• ASSIGNMENT: Only one stretch of the data below is needed. Output the lines from the one with "上溝駅自転車駐車場(南側)の写真" up to and including the one with "Cherry Freeze Prime", exactly as they stand.

• DATA TO EXAMINE:

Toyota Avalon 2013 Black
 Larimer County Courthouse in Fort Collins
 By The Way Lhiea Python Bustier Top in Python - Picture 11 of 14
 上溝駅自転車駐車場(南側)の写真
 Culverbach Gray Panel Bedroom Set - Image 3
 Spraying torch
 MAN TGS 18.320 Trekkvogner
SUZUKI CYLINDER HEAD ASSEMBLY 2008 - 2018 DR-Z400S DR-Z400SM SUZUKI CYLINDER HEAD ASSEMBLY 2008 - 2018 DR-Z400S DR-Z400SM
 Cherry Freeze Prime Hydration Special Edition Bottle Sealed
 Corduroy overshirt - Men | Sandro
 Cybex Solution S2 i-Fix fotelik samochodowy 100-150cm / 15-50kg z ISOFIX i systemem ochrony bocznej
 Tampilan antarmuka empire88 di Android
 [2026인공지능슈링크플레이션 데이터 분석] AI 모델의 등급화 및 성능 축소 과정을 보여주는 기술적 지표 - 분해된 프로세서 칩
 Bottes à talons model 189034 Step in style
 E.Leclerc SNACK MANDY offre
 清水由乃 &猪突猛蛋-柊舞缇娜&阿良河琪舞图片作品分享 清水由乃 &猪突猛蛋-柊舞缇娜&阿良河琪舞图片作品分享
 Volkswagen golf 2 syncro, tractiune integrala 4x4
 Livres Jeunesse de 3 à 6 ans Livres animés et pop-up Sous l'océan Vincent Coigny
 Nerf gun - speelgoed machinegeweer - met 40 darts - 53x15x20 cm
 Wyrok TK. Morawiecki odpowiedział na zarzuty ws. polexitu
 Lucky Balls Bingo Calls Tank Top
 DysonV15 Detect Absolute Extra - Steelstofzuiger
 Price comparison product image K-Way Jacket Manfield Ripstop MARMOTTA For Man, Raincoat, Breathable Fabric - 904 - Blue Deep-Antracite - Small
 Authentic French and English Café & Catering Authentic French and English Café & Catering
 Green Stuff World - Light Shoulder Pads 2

• FINISHED TASK:
 上溝駅自転車駐車場(南側)の写真
 Culverbach Gray Panel Bedroom Set - Image 3
 Spraying torch
 MAN TGS 18.320 Trekkvogner
SUZUKI CYLINDER HEAD ASSEMBLY 2008 - 2018 DR-Z400S DR-Z400SM SUZUKI CYLINDER HEAD ASSEMBLY 2008 - 2018 DR-Z400S DR-Z400SM
 Cherry Freeze Prime Hydration Special Edition Bottle Sealed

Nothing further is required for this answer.